The question was startling in its simplicity — one of those things that I’ve probably taken for granted my whole life. (Or, at least, the whole of my life that was aware of the Internet.) Is email considered mail?

“Well of course it…is? Or isn’t? I mean, it’s definitely…not. Or it is?” I was heartened to see the panelists struggling as much as I was.

Email communication seems like a fantastic idea at first blush. It’s targeted directly to the consumer. It’s an alternative to phones (and society seems to be more and more phone-phobic*). It’s cost-efficient, since there’s no postage. It truly seems like an unbeatable idea.

So of course it’s doomed to failure.

The failure starts like this: the Fair Debt Collection Practices Act uses the word “mail” in its legalese. And the FDCPA was written at some point after the Declaration of Independence but before 1997 when I got my first email address. So, since the FDCPA doesn’t know about email, it’s unclear whether the FDCPA can know about email.

One of the panelists, Robert W. Murphy, Secretary for the National Association of Consumer Advocates, avers that no: the FDCPA does not want email to be counted as mail. His argument relied on very literal and tangible things like “it’s not actual mail with an actual stamp” and “you have to print it out.”

On the other side of the argument, Zafar Khan of RPost U.S., Inc., and Barbara Sinsley of DBA International, suggested that email should have — and actually does have — the same legitimacy of traditional postal mail. Especially in a post-Electronic Signatures in Global and National Commerce Act world. Even if the FDCPA has not changed in 30+ years, Khan and Sinsley argued, our definition and acceptance of email as mail has.

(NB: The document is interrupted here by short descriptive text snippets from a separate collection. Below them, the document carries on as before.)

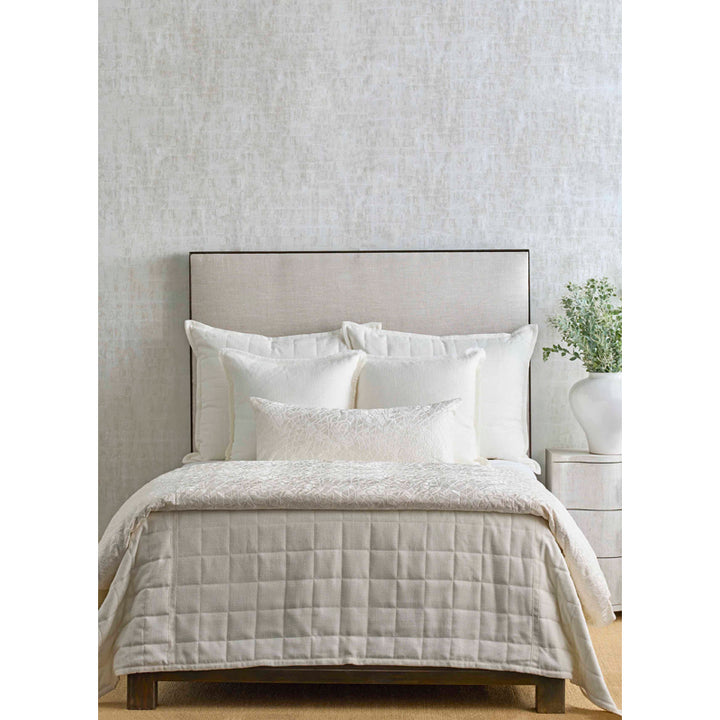 Ornament Bone/Bone Padded Throw
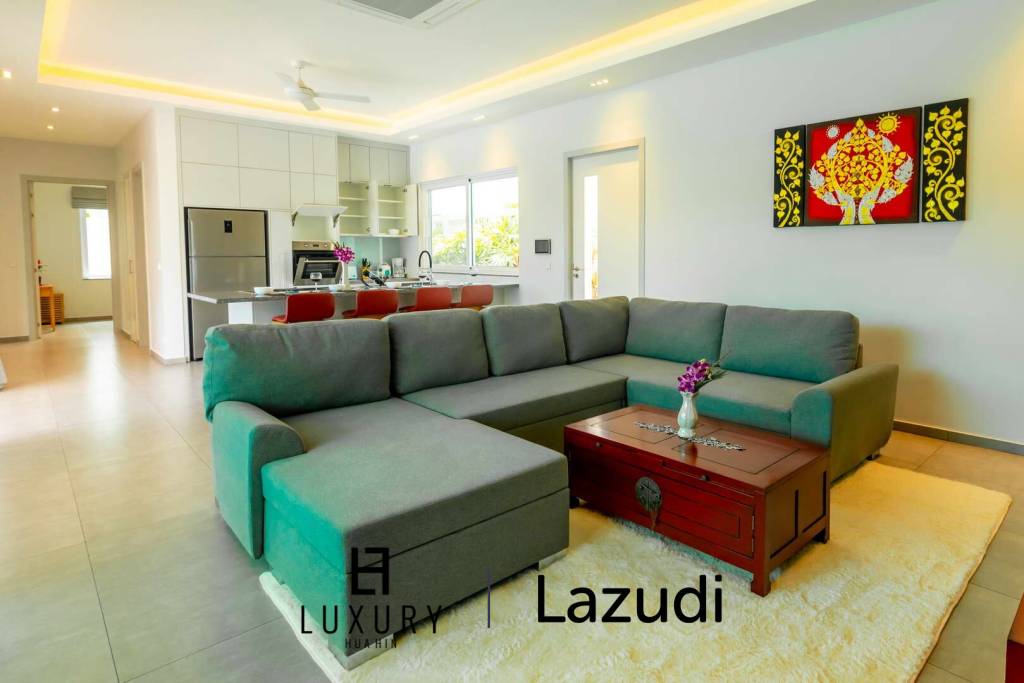 648 ตร.ม 3 เตียง 3 อาบน้ำ วิลล่า For ขาย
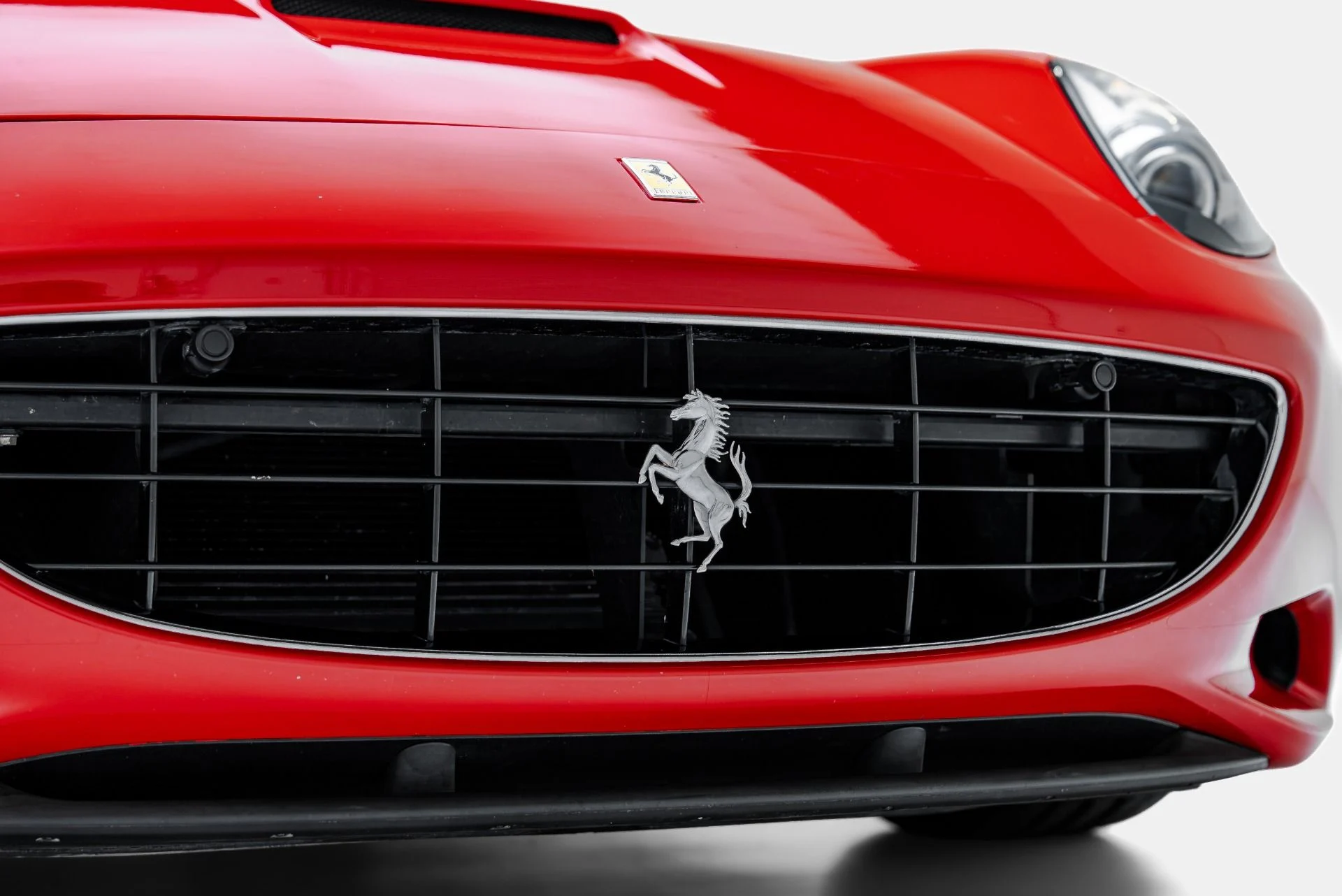 mph028_2940625228_Used_2011_Ferrari_California_1793140875_96a6118751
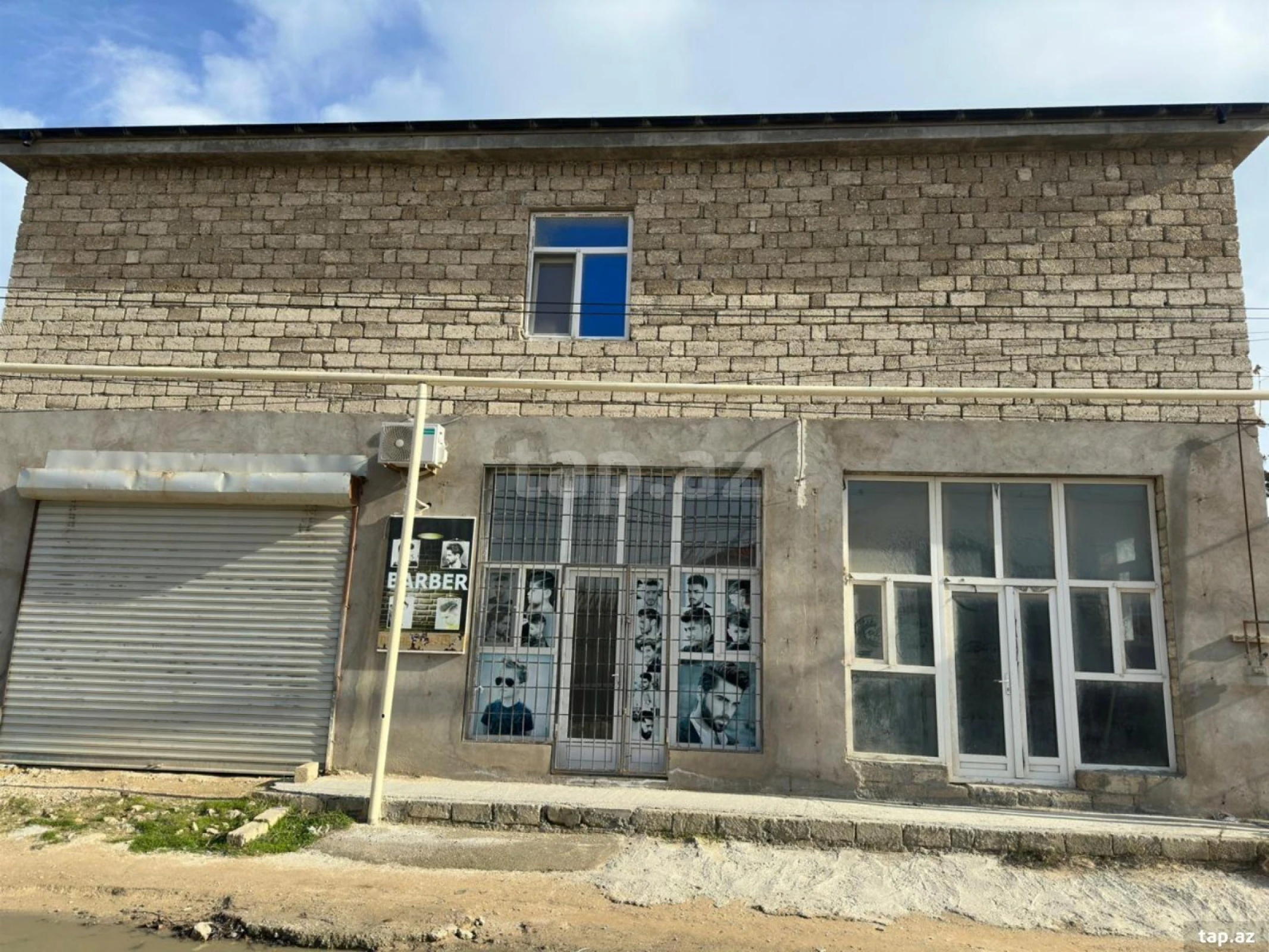 Satılır 5 otaqlı həyət evi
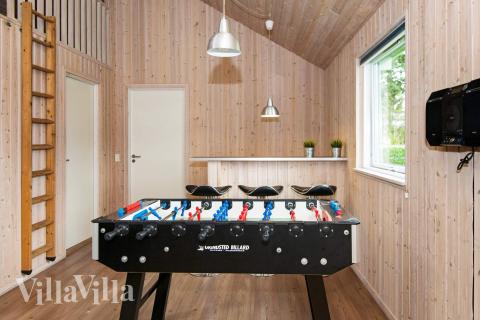 Lyxstuga 223 för 18 personer har ett stort aktivitetsrum med bl.a. biljard och dart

Email communication is still The Future for many collection agencies — especially since there are no clear guidelines on the use of email, or even a clear way to be protected if an agency wanted to use email. What seems to be a frustrating continuum throughout all of these panel discussions is that the questions are real, and provocative; but the answers are convoluted or not forthcoming.

* An actual conversation I heard on the train once: “My sister doesn’t understand how to answer her phone. She only uses it for texting.” I then turned 97 and realized that I was exhaustingly old.